Thanks again everyone! if you have anymore insight, please keep me posted!
- 0Sep 24, '09 by flightnurse2bi would call the board when in doubt.
that's what i've always done regarding scope of practice since i've worked in a few different states and everywhere is different.
many times what the state allows you to do though, the facility you work for may not, so i would check with them too.
i know here in FL we can perform deep suctioning nasally, orally and via trach. however, if you've never done it before it may be best to have someone show you how to do it before you perform it on a patient as it is very uncomfortable for them and they need to be hyperoxygenated beforehand (esp with hx of a trach!)

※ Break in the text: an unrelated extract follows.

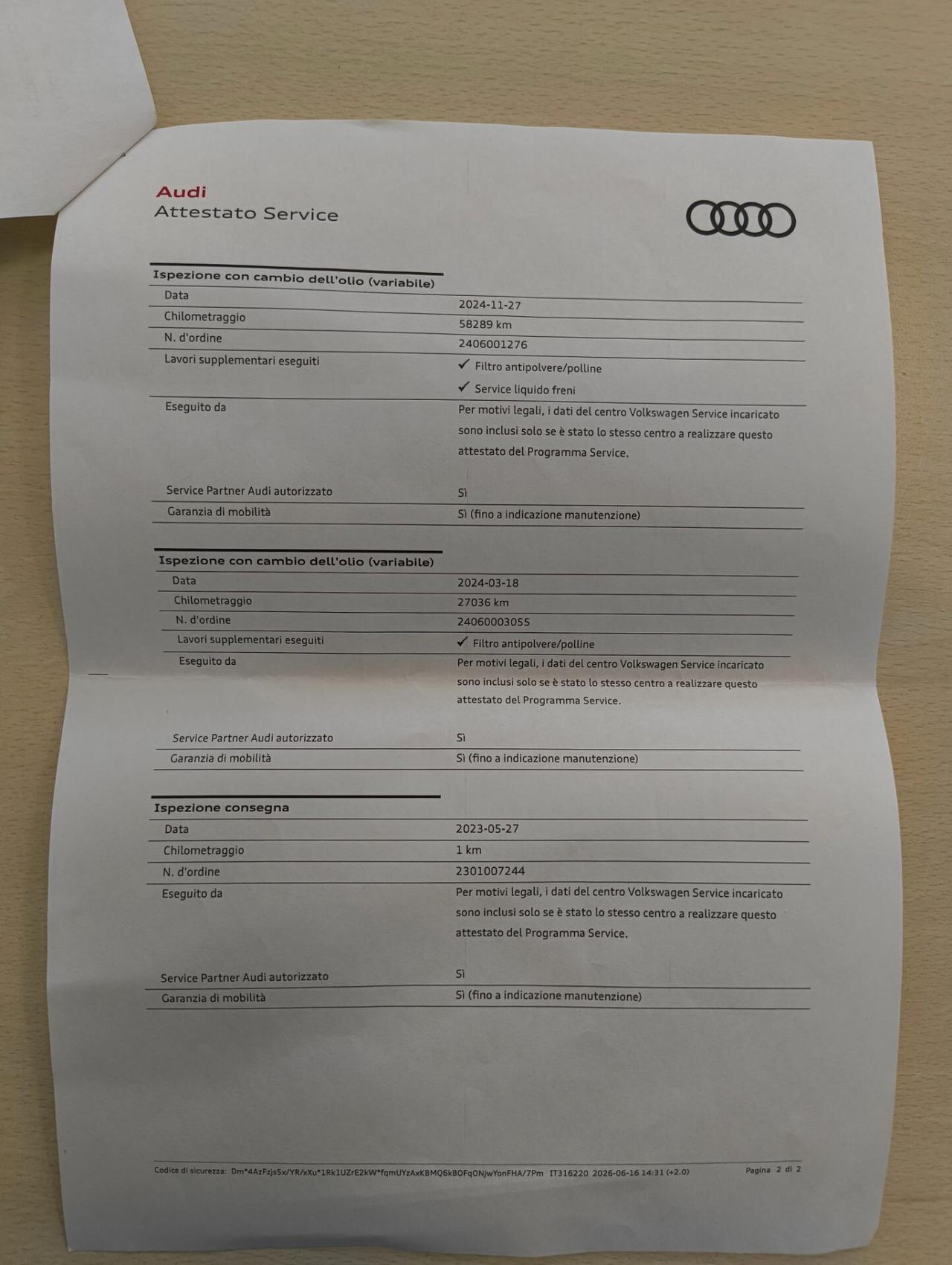 Audi A3 Sportback 35 TDI Advanced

- 0Sep 24, '09 by BabyLadyThis is where you defer to your facility as well as patient safety.
When confronted with decisions such as this, you need to remember, "Just because you can, doesn't mean you should."
To me, if the RT wants to do all the suctioning, and unless I had been trained on it, I wouldn't touch it and I would call him each time the patient needs to be suctioned.
Respiratory Therapy does a lot more than show up and hook up machines. They are trained in every aspect of respiratory care. Unless you have specifically been trained to suction a Trach patient, my advice is not to.